Y aquellos hombres que le escuchan, sin comprenderlo todo, empiezan a disputar sobre cosas nimias; y el Señor los calma y les enseña y de pronto les dice:

"El que no tenga, venda su túnica y compre una espada; por que estamos llegando al fin".

Y ellos contestaron: "Señor, he aquí dos espadas".

Así ha respondido la Nación Argentina a la voz de Jesús, que le decía

"Vamos llegando al fin. ¿Estas dispuesta? Vende la túnica y compra una espada".

"Señor, estoy dispuesta: aquí tienes dos espadas".

Y hemos presentado al Señor la nueva ley de los obispados y este maravilloso Congreso Eucarístico.

Transformación milagrosa y más oportuna que nunca.

Buenos Aires, con sus millones de Hostias consagradas es un inmenso copón que la mano del Papa levanta a los cielos.

Y de este copón y de esas Hostias que son la carne viva y adorable de Nuestro Señor Jesucristo se alza esta oración.

Señor, Dios de los ejércitos, pero también Príncipe de la paz, mira lo que está pasando en la tierra.

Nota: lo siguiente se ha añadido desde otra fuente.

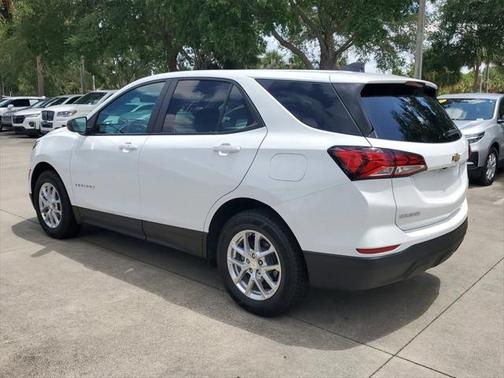 2022 Chevrolet Equinox LS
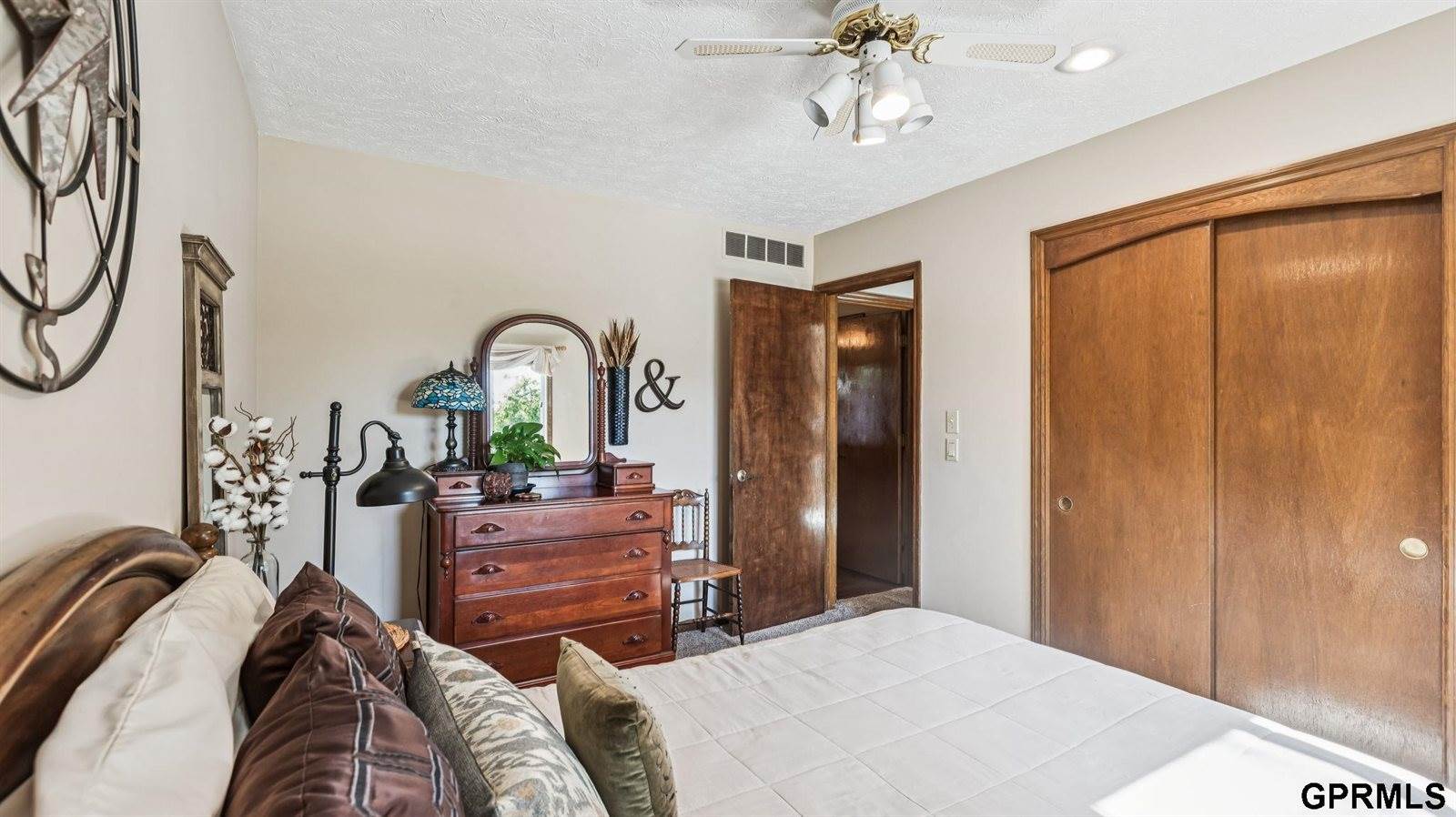 1004 Berkley Avenue, Papillion, NE 68046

Y por la desesperación de las madres que ven partir los batallones;
y por la plegaria de las esposas que oyen con espanto los clarines, convocando una nueva clase;
y por el llanto sin culpa de los huérfanos;
y por el sagrado heroísmo de los campos de batalla;
y por la desolación de los heridos, abandonados en los bosques profundos de nuestra América;
y por la sed de los agonizantes,
y por la contrición de los que ven llegar las sombras de su última noche;
y por la esperanza de los que ven encenderse al morir las verdades eternas;
y por el último grito que es a veces la primera oración del soldado que muere;
y por la gracia bautismal de los 107.000 niños cuyos padres hemos oído vuestra palabra "dejad a los niños que vengan a mí" y los hemos empujado a vuestros brazos;
y por las doscientas mil comuniones de hombres, a la medianoche,
y por las misas de estos mil sacerdotes venidos de toda la tierra;
y por las manos doblemente consagradas de estos doscientos obispos;
y por la ardiente devoción de vuestros Cardenales;
y por la piedad del Papa, que ha querido aumentar vuestra gloria con magnificencia de rey;
y por la dulzura de vuestra Madre Madre, a quien invocamos Reina de la paz;
y de nuevo por el dolor de todas las madres que pierden sus hijos en la guerra;
y por la sangre de Cristo, que llena este inmenso copón de Buenos Aires,

os imploramos la paz para nuestra América, la paz para España, la paz para el mundo inquieto y triste.

Pero la paz que pedimos no es solamente la cesación de las batallas.

Recordemos las palabras de Jesús, cuando lloró ante las puertas de Jerusalén:

"Si a lo menos conocieras lo que haría tu paz. Pero estas cosas están ahora ocultas a tus ojos".

Ahora no, Señor, ahora hemos visto, ahora sabemos donde está la paz. El instinto secreto de una raza, que a pesar de sus prevaricaciones sigue siendo íntimamente católica, nos ha advertido en estos días del Congreso Eucarístico dónde está la fuente de la paz.

Como el torrente del profeta Ezequiel, cuyas aguas endulzaban el mar, por que nacían a la puerta del Santuario, la fuente de la paz para los pueblos y para los soldados, para los espíritus y para los corazones, está en el copón de la Eucaristía.

Y Buenos Aires ya lo ha descubierto en esta suprema jornada y puede exclamar como la esposa del Cantar de los Cantares:

"Yo soy a sus ojos la que ha encontrado la paz".